France proposed an overhaul of retail price rules on Thursday that would cut the cost of common brand-name goods by up to five percent, aiming to boost consumer spending in the eurozone's second-biggest economy.
Finance Minister Nicolas Sarkozy told a meeting of retailers, suppliers and consumer organisations he wanted to shake up pricing practices that cost the French five to 13 percent more for brand-name goods than what the Germans, Italians and Spanish pay.
"My objective is a quick and lasting reduction in the cost of brand-name products, as that is what the French people want," Sarkozy said in the text of his speech to the meeting.

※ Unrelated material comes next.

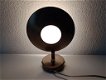 Retro wandlamp óf tafellamp van metaal - 2 - Thumbnail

Higher prices for brand-name products undermined French consumers' purchasing power and made inflation seem higher than it really was, he said.
Sarkozy met retailers to thrash out an industry-wide deal that could cut prices on well-known brands such as Coca-Cola and Danone.

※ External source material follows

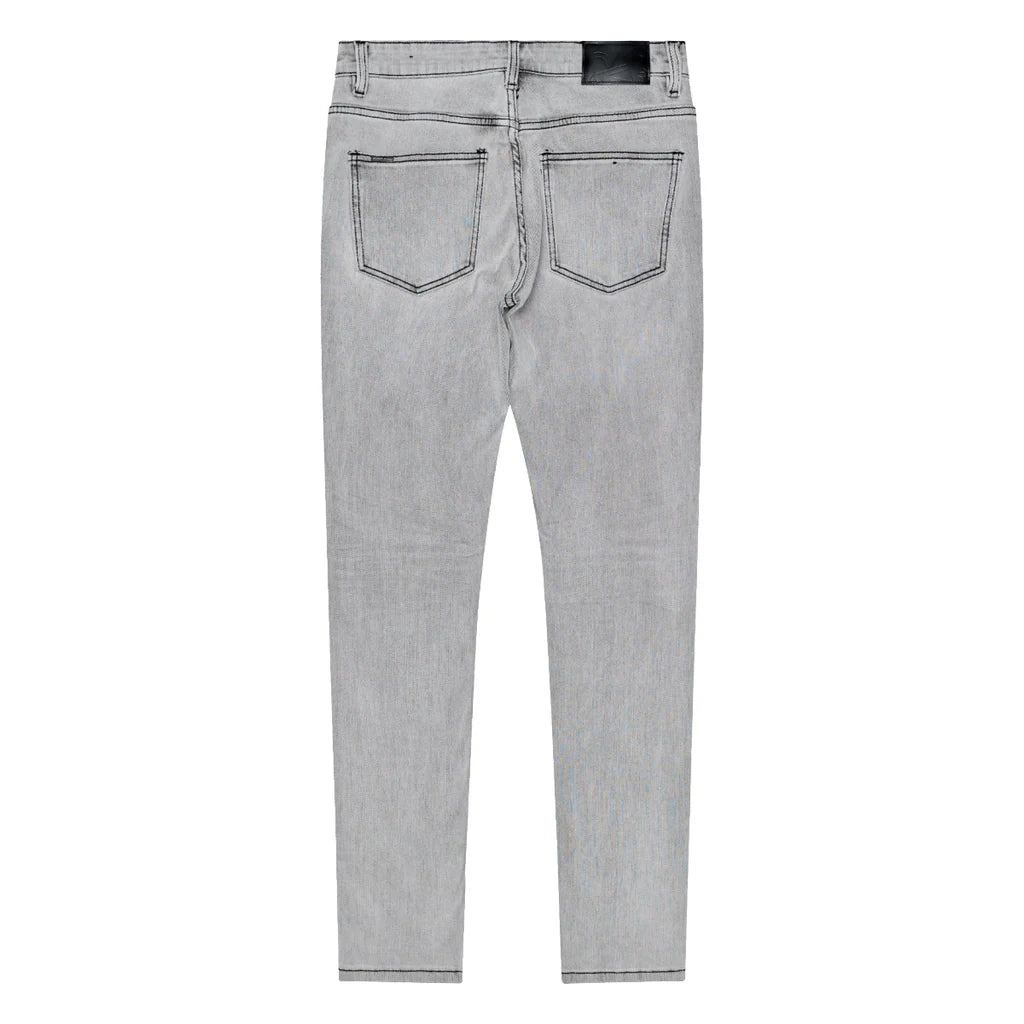 RVR "CORE" ICE GREY SKINNY DENIM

Should the sector fail to agree, he said he could take legislative steps to force down prices.
French retailers, particularly those that run hyper-markets, are able to get lower prices from suppliers than those shown on their invoices, by negotiating rebates on volumes or fees for shelf space.
But apart from loyalty cards or discount coupons, these benefits are not passed on to customers because existing pricing practices prevent retailers from selling these goods below the cost shown on the invoice.
Sarkozy proposed that a portion of the so-called "back margins" - rebates that suppliers pay to retailers to promote their products - be shown on the invoice, so they can be passed along to consumers.